Again, the argument is won not based on the fair market value of the taxpayer’s own services, but those of an average, similarly situated taxpayer, whose services might be worth less than that of a given taxpayer’s.
Anyone surprised by the Watson decision? CPA takes $24k of salary, and 200k of distributions. Hmmm what is the reasonable compensation for a CPA these days?? I made more than that my first year out of college!
Some important issues came out of this case for us. Of note:
The 8th circuit explained that the issue was NOT whether some minimum compensation must be paid, but whether the compensation paid was REASONABLE.
Also of note, the court only reclassified an additional 67k to salary, leaving $133,000 sheltered from FICA.
I see this as a real win for us who use this strategy properly and within the bounds of the law.
Many high profile taxpayers have successfully used this strategy to minimize Medicare tax. When Newt Gingrich released his tax returns during his bid as the Republican Nominee, wise tax planners took note of his use of the S corp strategy. Gingrich treated just $444,000 as compensation and a whopping $2.4 million dollars as profits!

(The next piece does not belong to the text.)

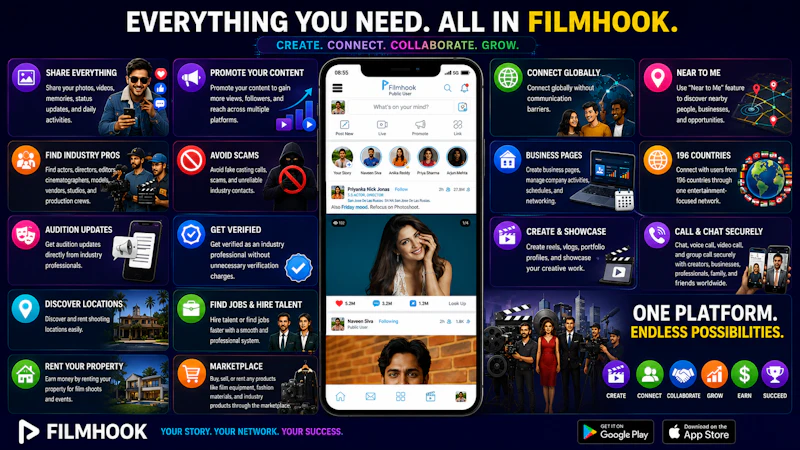 Filmhook: A Social World's Ecosystem screenshot 2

In another example – Senator John Edwards reported salary of $360,000 and distributions of $5million through his S corp law practice. Over a 4 year period, his distributions totaled $27 million.
The tax planning that Gingrich and Edwards implemented using S corporations is not illegal and is not even an abusive tax shelter although it can be misused when not applied properly.
In my humble opinion, so long as we are diligent in advising the client to establish a reasonable salary and are careful in documenting their basis for establishing a reasonable salary, we are complying with the laws and using a solid strategy for creating savings.
Beginning in 2013, the Medicare tax on wages and self-employment income increases to 3.8% on wages in excess of $250,000 for a joint return and $200,000 for singles. (Sec. 3101(b)(2) and Sec. 1401(b)(2). Distributions from an S corporation are excluded from the definition of “Net Investment Income” and the Medicare tax does not apply. Until questions about any changes to this definition are answered by new regulations, Sec 469 would indicate distributions from an S corp where the taxpayer is actively involved would not be subject to the Medicare surcharge.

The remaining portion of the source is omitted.